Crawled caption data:
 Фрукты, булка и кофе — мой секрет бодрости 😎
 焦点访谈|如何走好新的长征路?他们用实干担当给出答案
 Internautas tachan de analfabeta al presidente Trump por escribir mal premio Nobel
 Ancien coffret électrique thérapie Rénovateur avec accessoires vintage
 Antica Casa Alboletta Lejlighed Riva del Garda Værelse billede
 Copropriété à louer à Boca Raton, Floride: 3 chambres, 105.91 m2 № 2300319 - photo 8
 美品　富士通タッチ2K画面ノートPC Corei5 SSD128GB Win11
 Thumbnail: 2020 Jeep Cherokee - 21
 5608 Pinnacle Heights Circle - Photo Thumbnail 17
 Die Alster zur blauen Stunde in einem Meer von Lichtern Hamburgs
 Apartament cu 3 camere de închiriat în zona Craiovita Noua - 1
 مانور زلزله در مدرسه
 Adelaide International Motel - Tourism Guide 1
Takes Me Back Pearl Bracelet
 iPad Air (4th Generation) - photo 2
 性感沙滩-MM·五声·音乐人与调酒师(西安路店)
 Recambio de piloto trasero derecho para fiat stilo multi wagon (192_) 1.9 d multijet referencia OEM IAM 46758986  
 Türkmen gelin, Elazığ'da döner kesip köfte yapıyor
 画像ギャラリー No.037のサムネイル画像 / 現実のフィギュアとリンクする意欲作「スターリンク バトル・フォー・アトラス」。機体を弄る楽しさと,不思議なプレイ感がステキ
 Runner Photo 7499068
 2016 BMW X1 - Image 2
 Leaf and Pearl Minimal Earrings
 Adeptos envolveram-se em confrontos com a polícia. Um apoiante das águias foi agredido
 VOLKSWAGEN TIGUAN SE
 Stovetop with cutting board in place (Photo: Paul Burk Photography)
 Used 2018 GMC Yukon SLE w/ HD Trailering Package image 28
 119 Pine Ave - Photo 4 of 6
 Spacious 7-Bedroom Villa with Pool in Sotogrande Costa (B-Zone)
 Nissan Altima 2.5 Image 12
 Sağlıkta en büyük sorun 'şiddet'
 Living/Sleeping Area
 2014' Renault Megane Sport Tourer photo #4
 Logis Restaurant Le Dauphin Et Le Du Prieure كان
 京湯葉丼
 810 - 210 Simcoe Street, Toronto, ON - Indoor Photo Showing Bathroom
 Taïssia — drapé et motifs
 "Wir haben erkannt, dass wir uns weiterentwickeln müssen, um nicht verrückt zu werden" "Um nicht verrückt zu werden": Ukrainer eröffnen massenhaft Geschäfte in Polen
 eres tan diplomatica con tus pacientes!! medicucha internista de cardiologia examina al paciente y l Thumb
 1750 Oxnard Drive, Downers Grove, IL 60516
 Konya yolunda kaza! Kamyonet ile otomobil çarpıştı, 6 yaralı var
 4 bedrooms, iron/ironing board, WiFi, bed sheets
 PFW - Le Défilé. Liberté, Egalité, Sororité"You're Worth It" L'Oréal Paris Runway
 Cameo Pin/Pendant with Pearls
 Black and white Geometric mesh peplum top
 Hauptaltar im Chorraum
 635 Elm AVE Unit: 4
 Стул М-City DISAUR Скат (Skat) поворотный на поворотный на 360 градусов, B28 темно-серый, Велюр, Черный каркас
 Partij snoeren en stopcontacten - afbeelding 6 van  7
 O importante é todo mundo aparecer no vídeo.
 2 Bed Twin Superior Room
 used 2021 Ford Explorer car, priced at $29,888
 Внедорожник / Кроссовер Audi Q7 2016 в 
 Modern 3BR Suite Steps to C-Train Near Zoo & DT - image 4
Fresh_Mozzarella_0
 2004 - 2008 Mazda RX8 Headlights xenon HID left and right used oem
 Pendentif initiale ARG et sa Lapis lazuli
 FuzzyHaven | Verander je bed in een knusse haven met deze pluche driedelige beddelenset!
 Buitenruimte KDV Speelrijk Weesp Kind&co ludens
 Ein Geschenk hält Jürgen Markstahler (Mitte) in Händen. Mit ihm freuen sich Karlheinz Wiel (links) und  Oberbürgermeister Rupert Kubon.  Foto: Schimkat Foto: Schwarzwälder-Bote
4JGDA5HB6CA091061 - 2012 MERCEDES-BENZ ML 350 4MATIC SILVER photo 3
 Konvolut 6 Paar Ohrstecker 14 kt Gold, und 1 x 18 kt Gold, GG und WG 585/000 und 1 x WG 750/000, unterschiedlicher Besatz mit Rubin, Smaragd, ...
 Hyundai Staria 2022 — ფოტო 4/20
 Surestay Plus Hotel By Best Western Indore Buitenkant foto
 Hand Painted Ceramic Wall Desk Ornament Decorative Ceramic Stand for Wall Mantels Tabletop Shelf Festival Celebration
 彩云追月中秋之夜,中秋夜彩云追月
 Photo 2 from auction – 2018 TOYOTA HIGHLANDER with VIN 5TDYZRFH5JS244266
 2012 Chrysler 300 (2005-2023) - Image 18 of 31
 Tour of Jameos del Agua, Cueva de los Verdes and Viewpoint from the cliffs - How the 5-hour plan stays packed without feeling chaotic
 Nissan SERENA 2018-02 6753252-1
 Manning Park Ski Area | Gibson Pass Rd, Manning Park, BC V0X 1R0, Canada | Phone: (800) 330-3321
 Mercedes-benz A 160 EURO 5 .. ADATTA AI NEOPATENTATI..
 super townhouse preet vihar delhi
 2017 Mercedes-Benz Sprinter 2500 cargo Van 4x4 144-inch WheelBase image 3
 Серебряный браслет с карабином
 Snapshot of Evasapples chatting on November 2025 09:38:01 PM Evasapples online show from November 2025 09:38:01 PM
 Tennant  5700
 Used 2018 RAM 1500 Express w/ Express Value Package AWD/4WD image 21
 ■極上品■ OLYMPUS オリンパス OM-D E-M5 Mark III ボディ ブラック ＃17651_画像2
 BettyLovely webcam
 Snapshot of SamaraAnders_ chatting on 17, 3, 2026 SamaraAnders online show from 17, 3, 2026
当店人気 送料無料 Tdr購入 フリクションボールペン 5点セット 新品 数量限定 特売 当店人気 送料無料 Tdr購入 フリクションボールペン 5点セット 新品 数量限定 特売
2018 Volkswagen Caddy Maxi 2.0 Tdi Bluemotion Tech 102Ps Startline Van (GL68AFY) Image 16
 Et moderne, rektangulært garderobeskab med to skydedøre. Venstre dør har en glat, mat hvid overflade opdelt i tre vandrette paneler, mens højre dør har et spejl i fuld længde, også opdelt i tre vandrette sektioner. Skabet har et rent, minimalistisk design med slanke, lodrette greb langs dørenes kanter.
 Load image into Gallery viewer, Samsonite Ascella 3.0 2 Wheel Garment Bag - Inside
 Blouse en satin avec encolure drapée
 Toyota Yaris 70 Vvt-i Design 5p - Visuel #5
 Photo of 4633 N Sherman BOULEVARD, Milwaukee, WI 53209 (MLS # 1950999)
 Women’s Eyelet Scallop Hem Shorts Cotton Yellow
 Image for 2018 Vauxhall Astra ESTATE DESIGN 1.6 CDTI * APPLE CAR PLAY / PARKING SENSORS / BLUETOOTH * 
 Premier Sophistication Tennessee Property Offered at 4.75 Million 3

REQUIRED ACTION -
What you return must be the lines above that run from the line with "4 bedrooms, iron/ironing" to the line with "2 Bed Twin Superior Room", inclusive, each copied exactly.

ANSWER FOR THE TASK -
 4 bedrooms, iron/ironing board, WiFi, bed sheets
 PFW - Le Défilé. Liberté, Egalité, Sororité"You're Worth It" L'Oréal Paris Runway
 Cameo Pin/Pendant with Pearls
 Black and white Geometric mesh peplum top
 Hauptaltar im Chorraum
 635 Elm AVE Unit: 4
 Стул М-City DISAUR Скат (Skat) поворотный на поворотный на 360 градусов, B28 темно-серый, Велюр, Черный каркас
 Partij snoeren en stopcontacten - afbeelding 6 van  7
 O importante é todo mundo aparecer no vídeo.
 2 Bed Twin Superior Room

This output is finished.